Шли они полосами, ровно там, где меня касались кольца змеи… кровь это! Сомнений быть не могло!
И страшно стало, что с Повелителем снежным случиться что-то могло!
Что больно ему было или неприятно летом являться, словно не я была Снегурочкой, как все меня называли за кожу белоснежную, а он, и мог растаять в любой момен, даже если просто пару слов мне сказал.
И еще невыносимее лето стало…
Устало опустившись на берег в тени кустов и высокой травы, где жужжали жучки и стрекозы, я бы так и просидела здесь до самого вечера, если бы не услышала на другом берегу плачь, стоны, крики и всплески воды.
Это меня искали.
Народ собрался кто любопытный, кто испуганный, на втором берегу, когда парни молодые в воду кидались и все ныряли, пытаясь в неясной воде меня отыскать, живую или мертвую, пока Тайка голосила и рыдала, кидаясь в воду тоже, и пытаясь из рук перепуганных подружек вырваться.

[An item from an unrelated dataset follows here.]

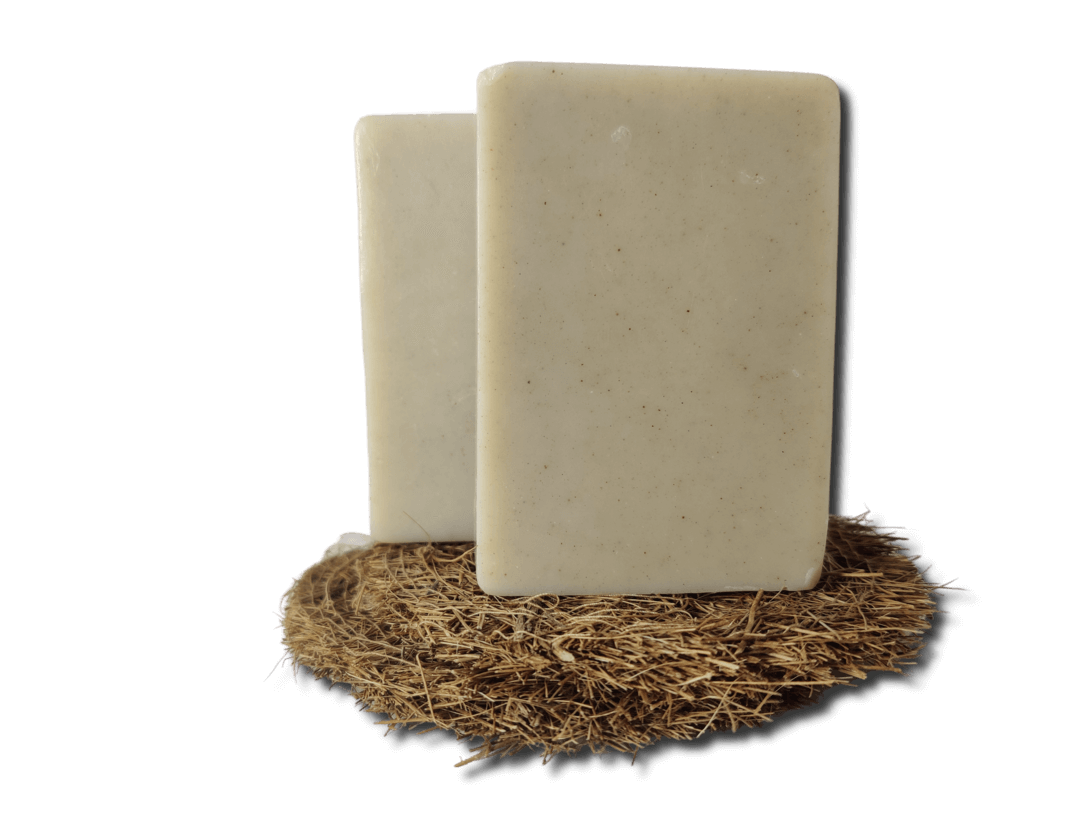 Probiotic Dish Washing Soap Bar Zero Waste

И бабушка моя была. Сидела поодаль ото всех с глазами стеклянными и из стороны в сторону раскачивалась, что-то шепчя себе, и не обращая внимания, как женщины вокруг нее столпились, причитая и плача о беде нежданной.
Но жива я была.
Жива.
Поэтому и поторопилась обратно, еще раз оглянувшись на воду гладкую, где недавно змея скрылась. Спасительница моя страшная, огромная и завораживающая.
И ведь не поплыла она к людям на другом берегу, чтобы их одолеть.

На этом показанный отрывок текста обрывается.